[Source data]

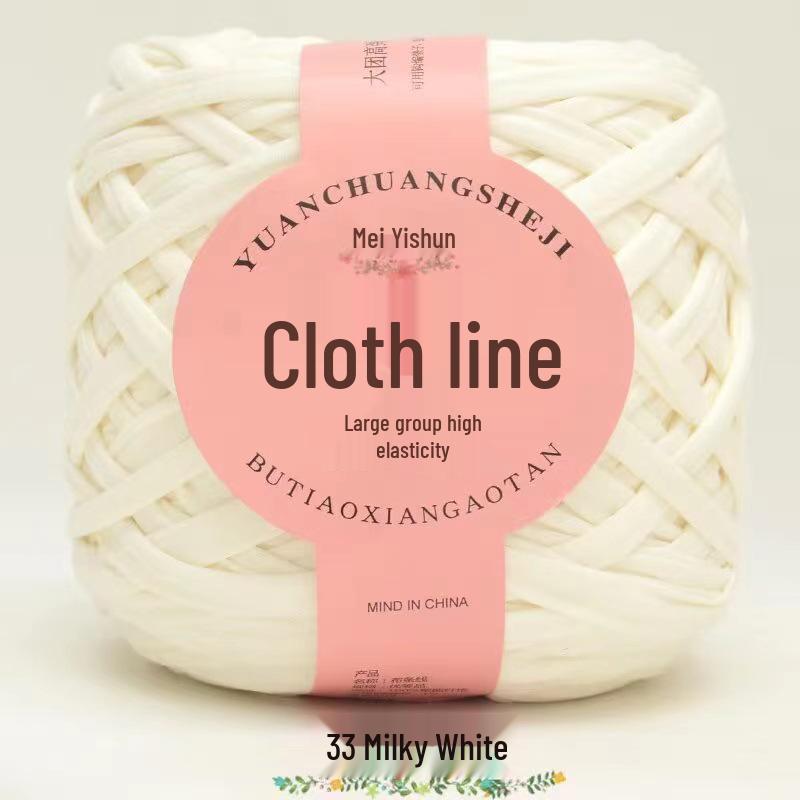 High Elasticity Wool Yarn 280g: New Economical Pack for Crochet – Ideal for Cushions, Bags, and DIY Projects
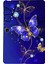Oppo Pad Neo / Pad Air2 Mavi Kelebek Için Boyalı Tpu Tablet Kılıfı (Yurt Dışından) 1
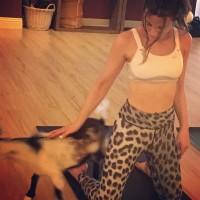 Kate Beckinsale,Kate Beckinsale birthday celebration,Kate Beckinsale birthday celebration pics,Kate Beckinsale birthday celebration images,Kate Beckinsale birthday celebration stills,Michael Sheen,Kate Beckinsale and Michael Sheen,Kate Beckinsale with Mic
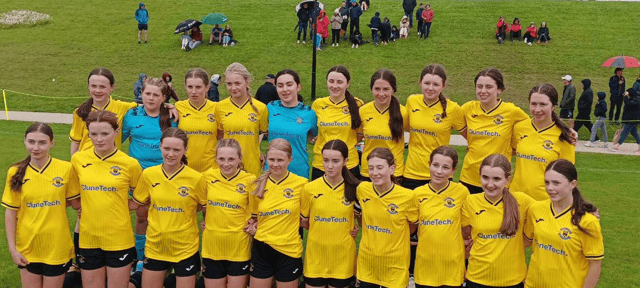 The Kilkenny Gaynor Cup squad that finished in 19th position at the annual tournament in the University of Limerick last week.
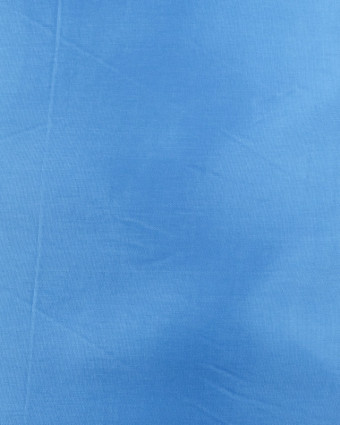 Tissu doublure bleu cyan pongé antistatique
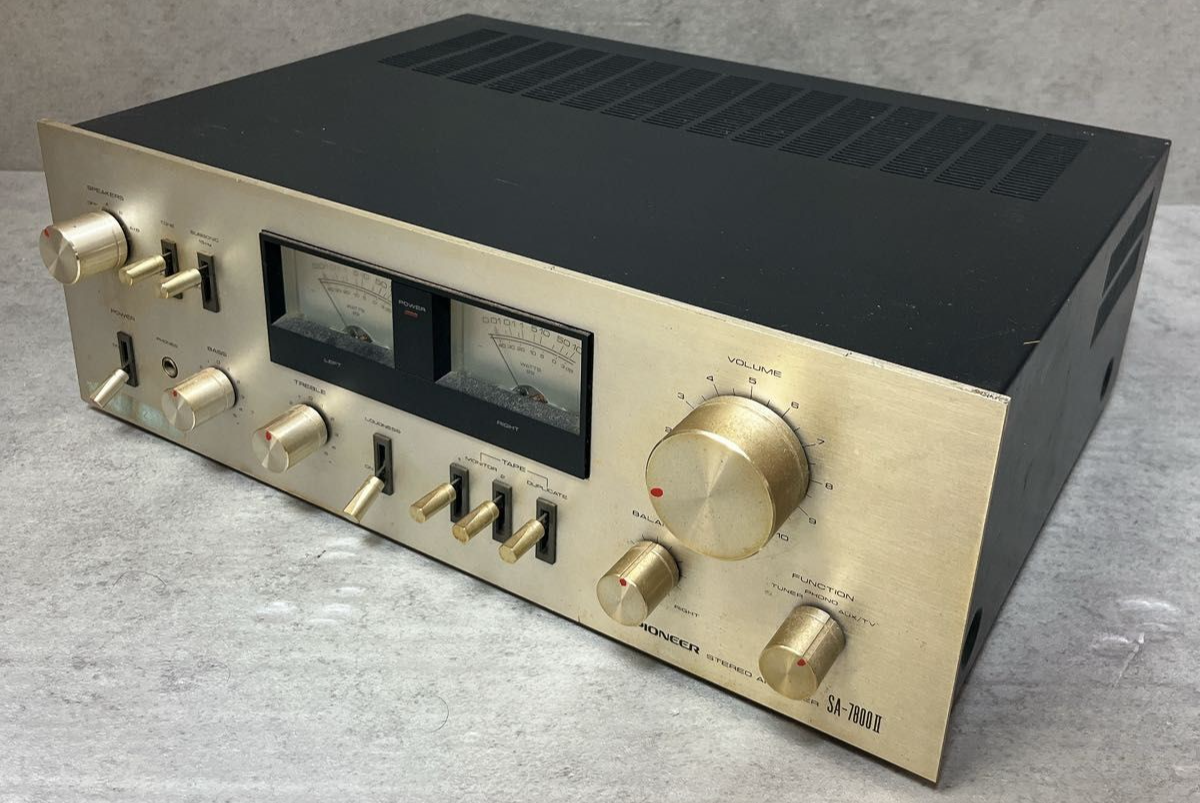 Pioneer パイオニア SA-7800Ⅱ(ジャンク品) パイオニア SA-7800 II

» **To do**:
An exact copy of all entries is needed, with no pictures in it.

» **Result below**:
 High Elasticity Wool Yarn 280g: New Economical Pack for Crochet – Ideal for Cushions, Bags, and DIY Projects
Oppo Pad Neo / Pad Air2 Mavi Kelebek Için Boyalı Tpu Tablet Kılıfı (Yurt Dışından) 1
 Kate Beckinsale,Kate Beckinsale birthday celebration,Kate Beckinsale birthday celebration pics,Kate Beckinsale birthday celebration images,Kate Beckinsale birthday celebration stills,Michael Sheen,Kate Beckinsale and Michael Sheen,Kate Beckinsale with Mic
 The Kilkenny Gaynor Cup squad that finished in 19th position at the annual tournament in the University of Limerick last week.
 Tissu doublure bleu cyan pongé antistatique
 Pioneer パイオニア SA-7800Ⅱ(ジャンク品) パイオニア SA-7800 II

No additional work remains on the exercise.